*Try it*
Repeat, word for word and with nothing added, each line from the one containing "Gerry Cheevers Signed" to the final line of the data, keeping both ends. Pictures are not part of the copy.

*Raw data*
================================
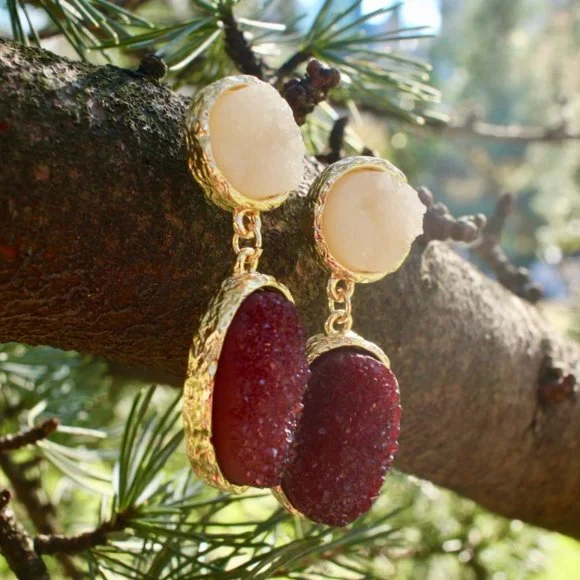 Anthropologie Druzy Wine Teardrop Dangle Earrings - Picture 8 of 12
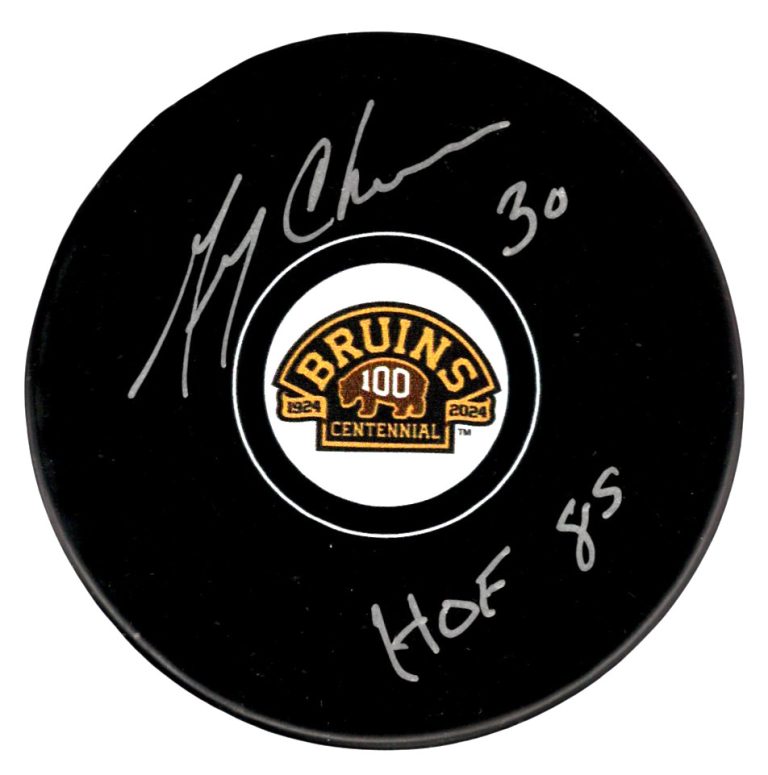 Gerry Cheevers Signed Bruins 100th Centennial Puck w/ HOF 85 Beckett Wit BAS COA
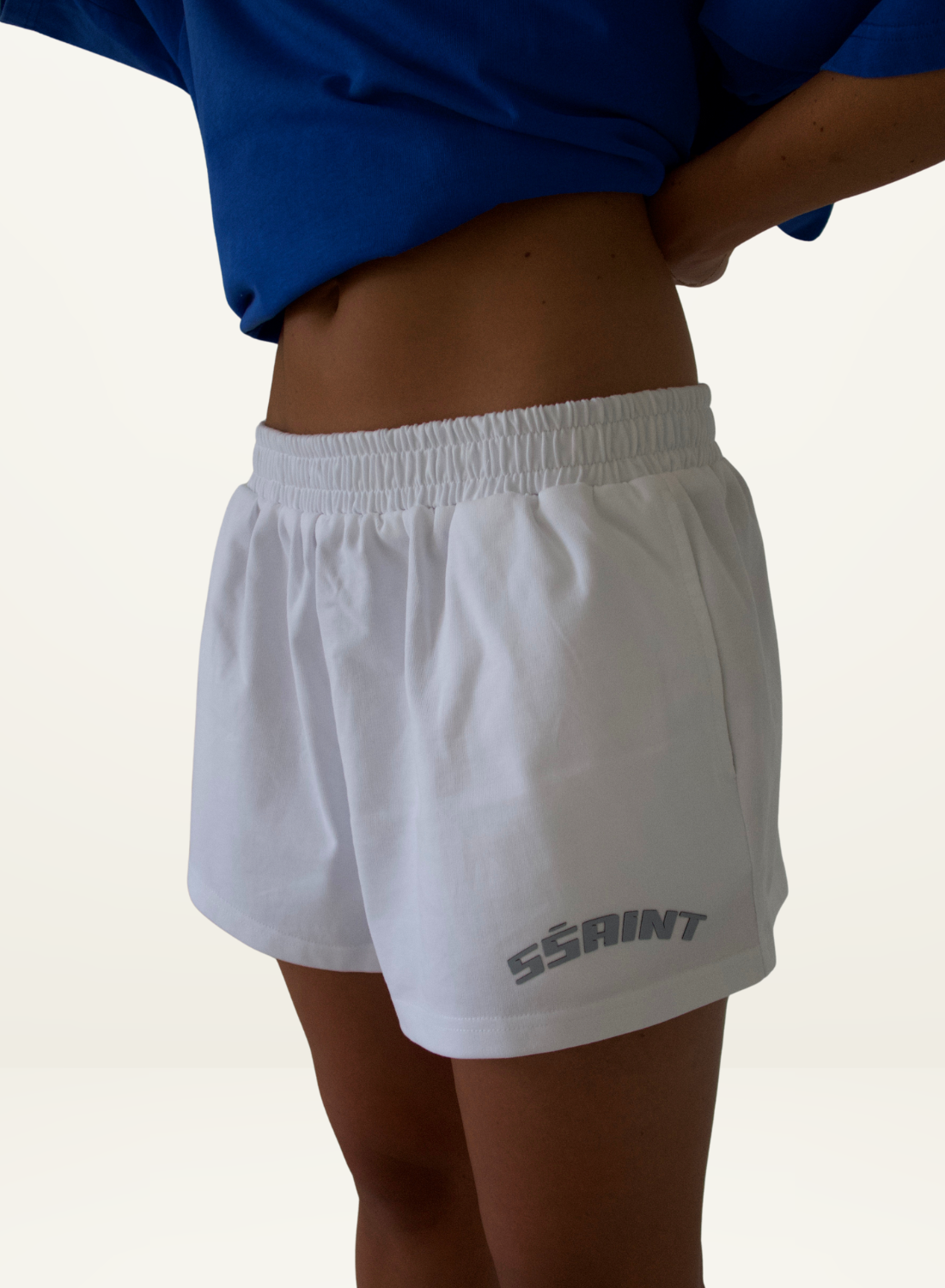 SSAINT Reflective Logo Shorts in White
================================
*Written reply*
 Gerry Cheevers Signed Bruins 100th Centennial Puck w/ HOF 85 Beckett Wit BAS COA
 SSAINT Reflective Logo Shorts in White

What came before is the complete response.